Subsequent court testimony revealed that after reviewing internal documents supporting the

advances explanation—documents that had been prepared to deceive E&Y—the E&Y

auditors readily accepted that explanation and chose not to treat the items as unrecorded

liabilities. This decision prompted severe criticism of the audit firm by Judge Lifland.

The federal judge pointed out that the auditors had failed to rigorously investigate the

alleged advances and consider the veracity of the client’s explanation for them. For

example, the auditors did not investigate the “credit limit” feature of that explanation. The

E&Y auditors neglected to determine the credit limit that the given vendors had established

for CBI or whether CBI had “maxed out” that credit limit in each case as maintained by client

personnel. Nor did the auditors attempt to analyze the given vendors’ payable accounts or

contact those vendors directly to determine if the alleged advances applied to specific

invoice amounts, particularly invoice amounts for purchases made on or before April 30,

1992. Instead, the auditors simply chose to record in their workpapers the client’s feeble

explanation for the advances, an explanation that failed to address or resolve a critical

issue. “The advance explanation recorded in E&Y’s workpapers, even if it were true, did not

tell the E&Y auditor the essential fact as to whether the merchandise being paid for by the

advance had been received before or after April 30, 1992.”
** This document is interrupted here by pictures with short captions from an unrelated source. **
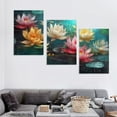 thumbnail image 4 of Nawypu  Flower Canvas Wall Art for Living Room, Teal Wall Decor for Bedroom, Vintage Lotus Painting, Colorful Floral Prints Artwork for Home, Retro Aesthetic Picture 12''x16''X3 Panels, 4 of 4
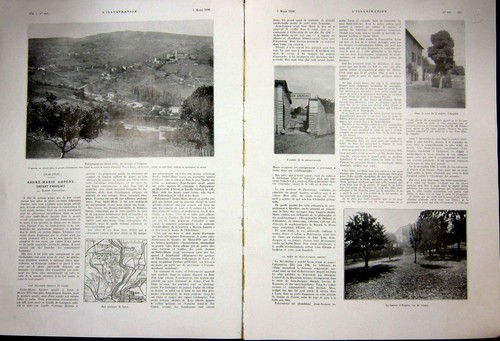 Original Old Vintage Print Ampere France Poleymieux View Scene French 1936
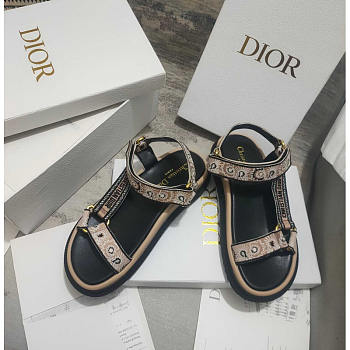 Dior D-Wave Sandal Beige Multicolor Embroidered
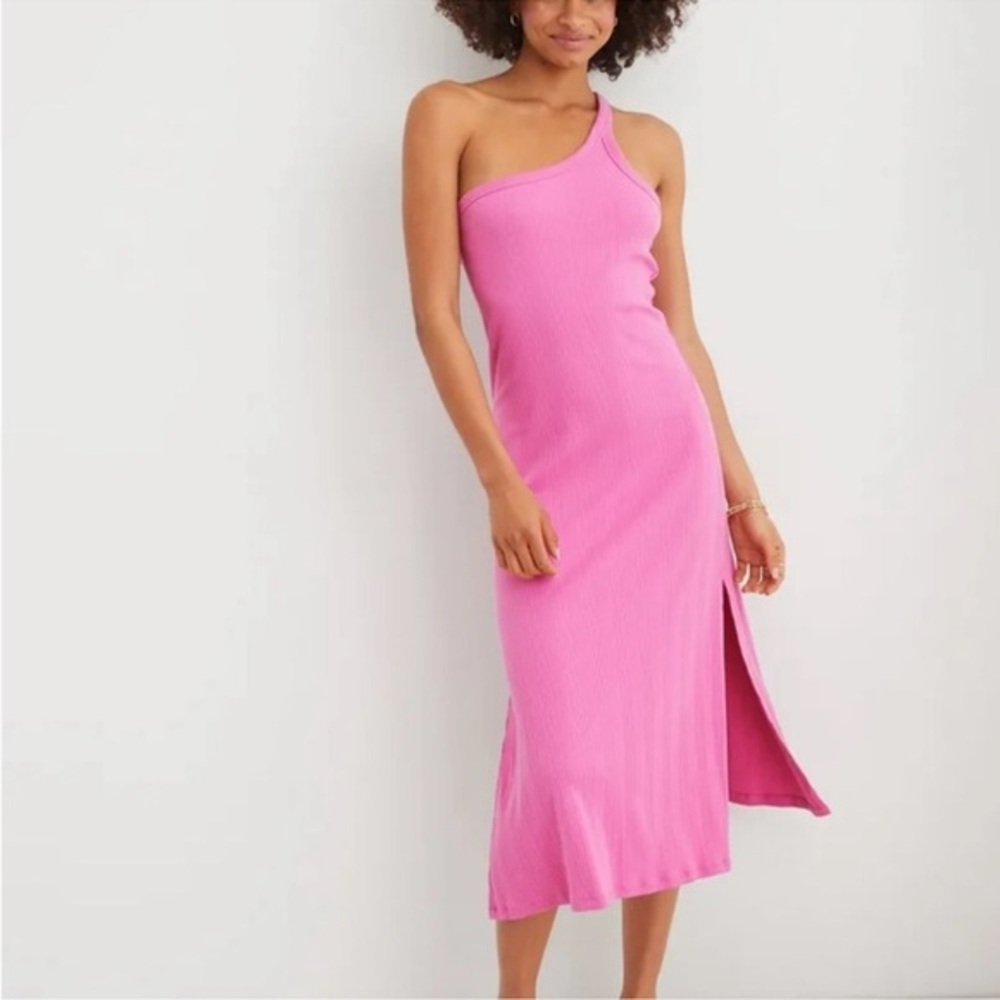 Aerie One Shoulder Ribbed Pink Dress Stretch Size M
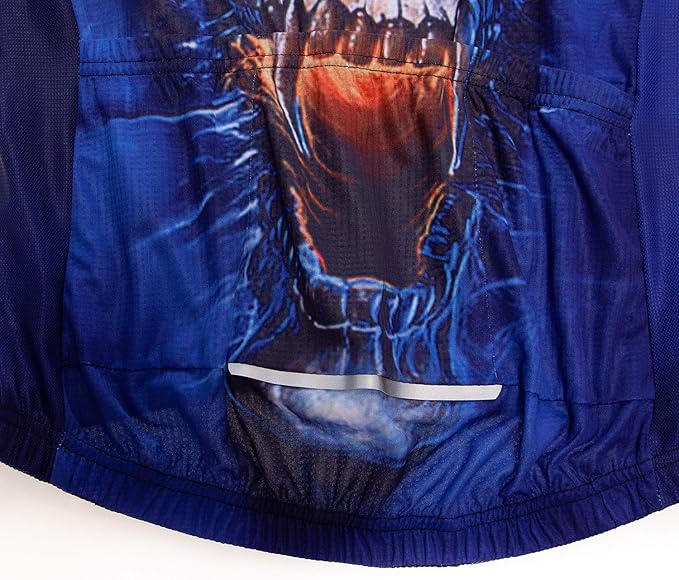 Men Cycling Jersey Skull Bike Short Sleeve Tops Quick-Dry Reflective 3-Pockets S-3XL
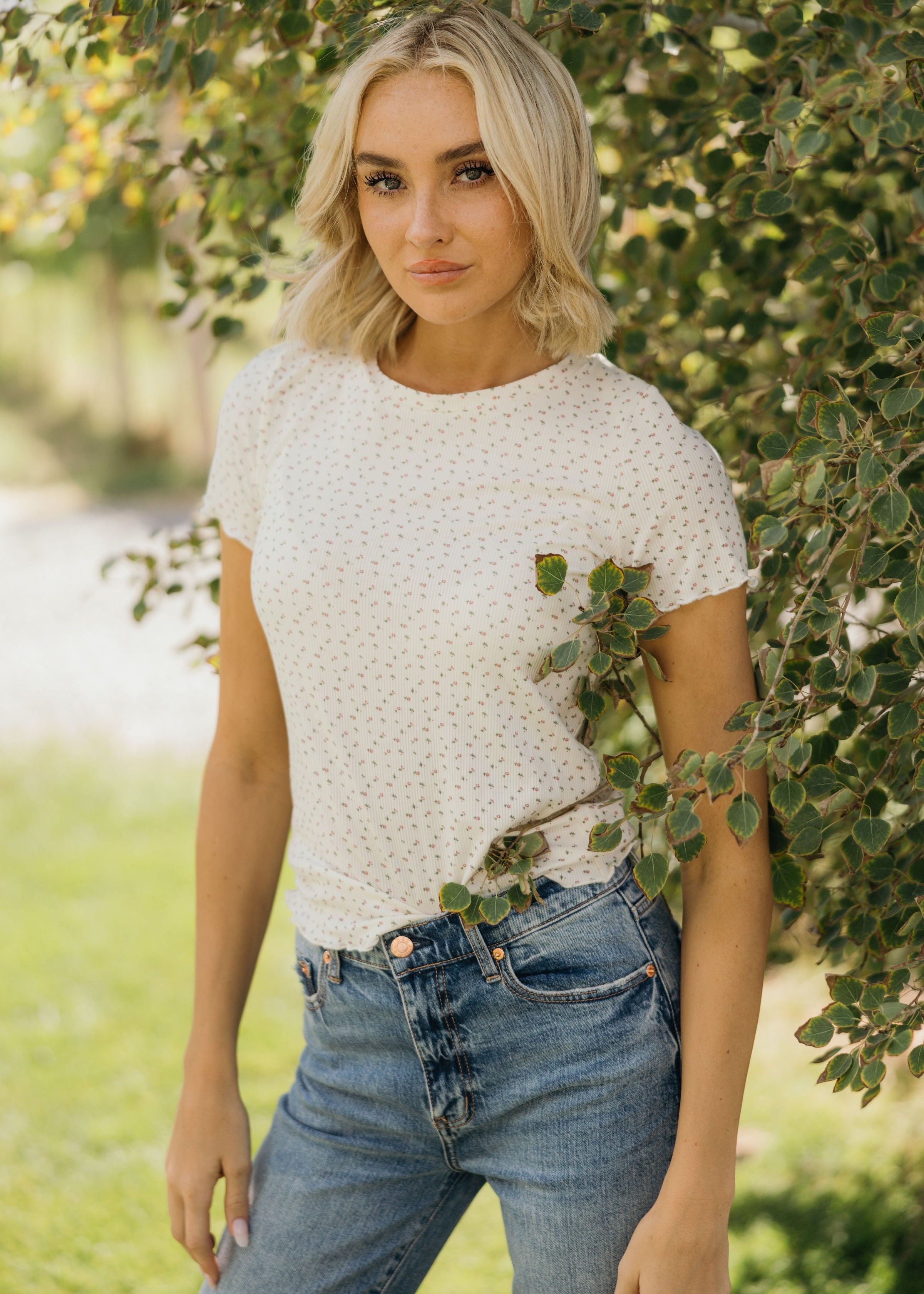 LETTUCE EDGE TEE IN MICRO DITSY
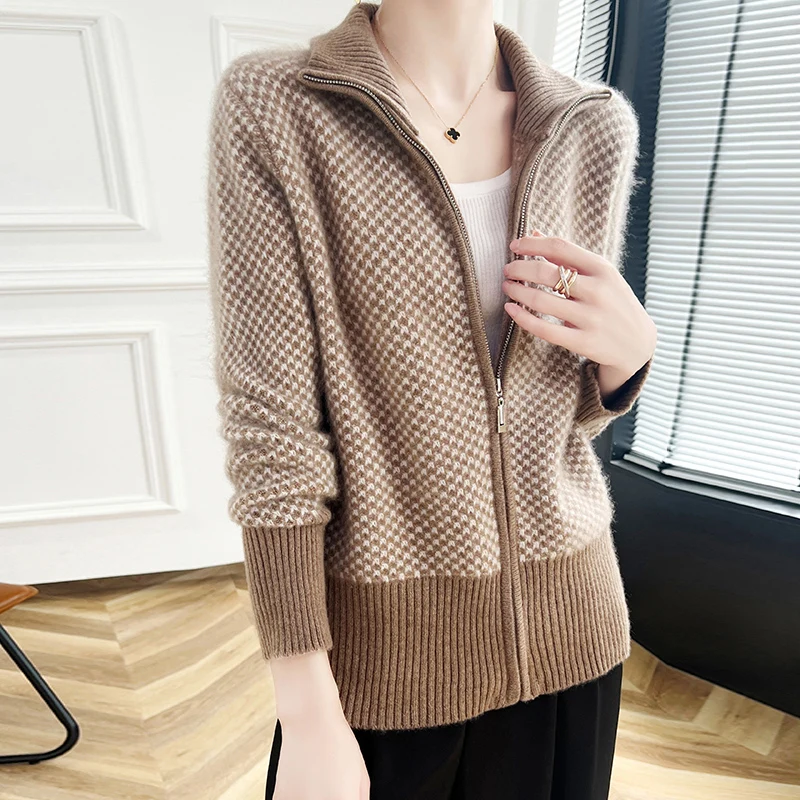 Women Cashmere Mock Collar Cardigan 100% Merino Wool Sweater  Autumn/Winter Thickening Color Block Tops Zipper Knitted Jacket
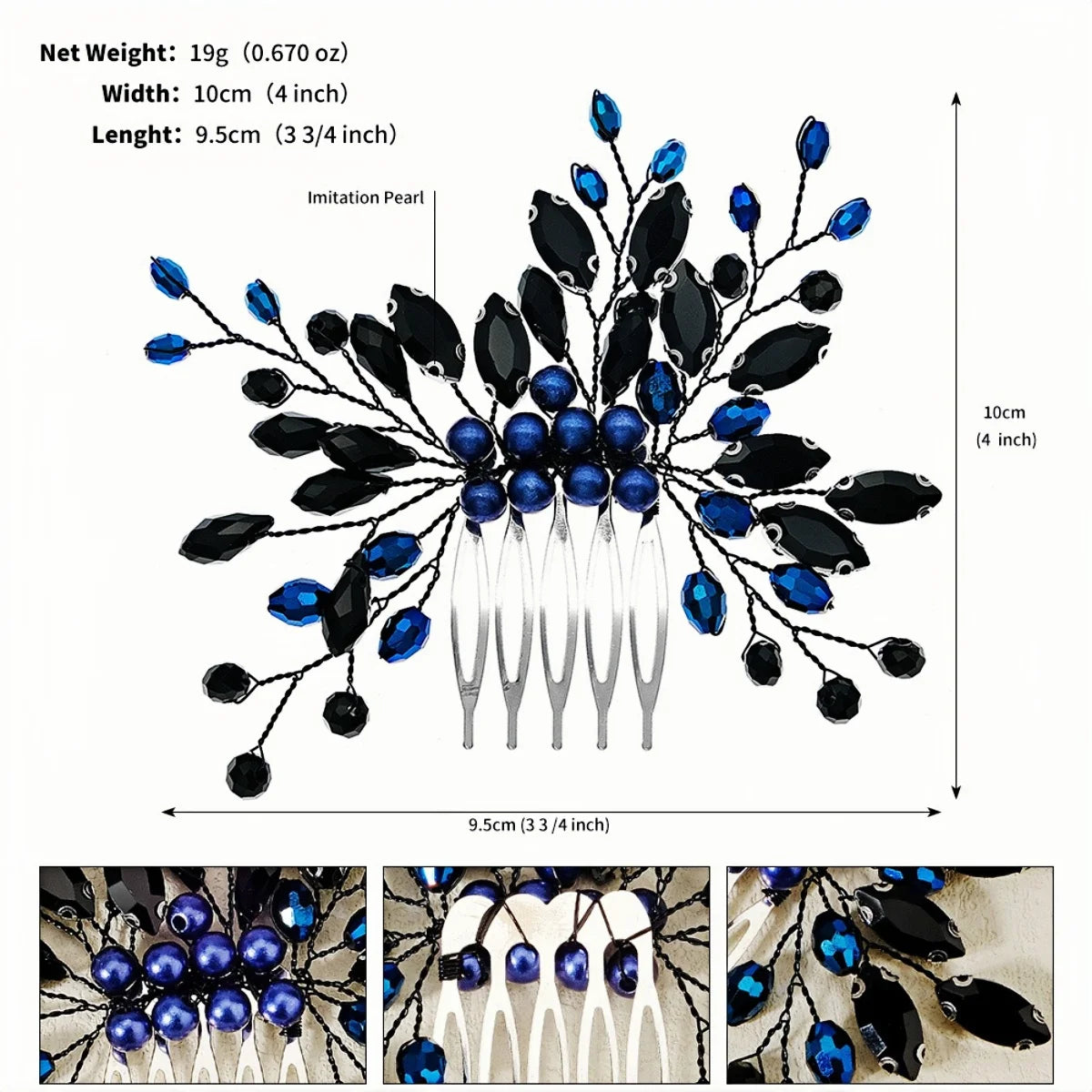 Dark Style Bridal Hair Comb Black Series Wedding Headpiece Hair Accessories Fashionable Holiday Halloween Party Gifts For Women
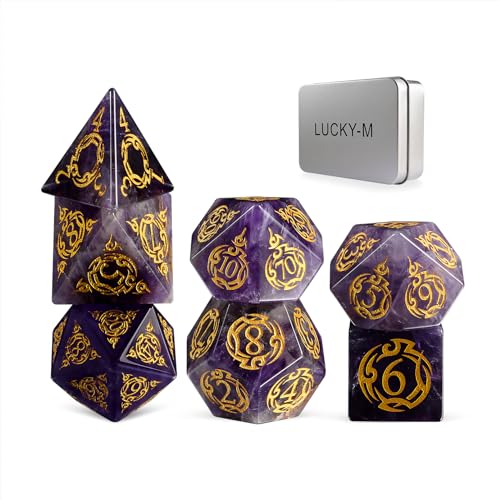 Amethyst Dice Dice Set, 7-Piece Handcrafted Polyhedral Dice with Gold Engraving, Ideal for D&D, RPG, MTG & Tabletop Games, Gift Box Included (Amethyst Totem) - color: Amethyst Totem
Because of the lack of any substantive investigation of the advances, the E&Y auditors

failed to determine “whether a liability should have been recorded for each such payment as

of fiscal year-end, and whether, in fact, a liability was recorded for such payment as of fiscal

year-end.” This finding caused Judge Lifland to conclude that E&Y had not properly

completed the search for unrecorded liabilities. The judge reached a similar conclusion

regarding the second major audit procedure for accounts payable included in the 1992 audit

program for CBI.

The 1992 audit program required the E&Y auditors to obtain the year-end statements sent

to CBI by the company’s five largest vendors and to reconcile the balances in each of those

statements to the corresponding balances reported in CBI’s accounting records. E&Y

obtained year-end statements mailed to CBI by five of the company’s several hundred

vendors and completed the reconciliation audit procedure. However, the vendors involved in

this audit test were not the company’s five largest suppliers. In fact, E&Y never identified

CBI’s five largest vendors during the 1992 audit. The federal judge scolded E&Y for this

oversight and maintained that the “minimal” amount of testing applied by E&Y to the small

sample of year-end vendor statements was “not adequate.”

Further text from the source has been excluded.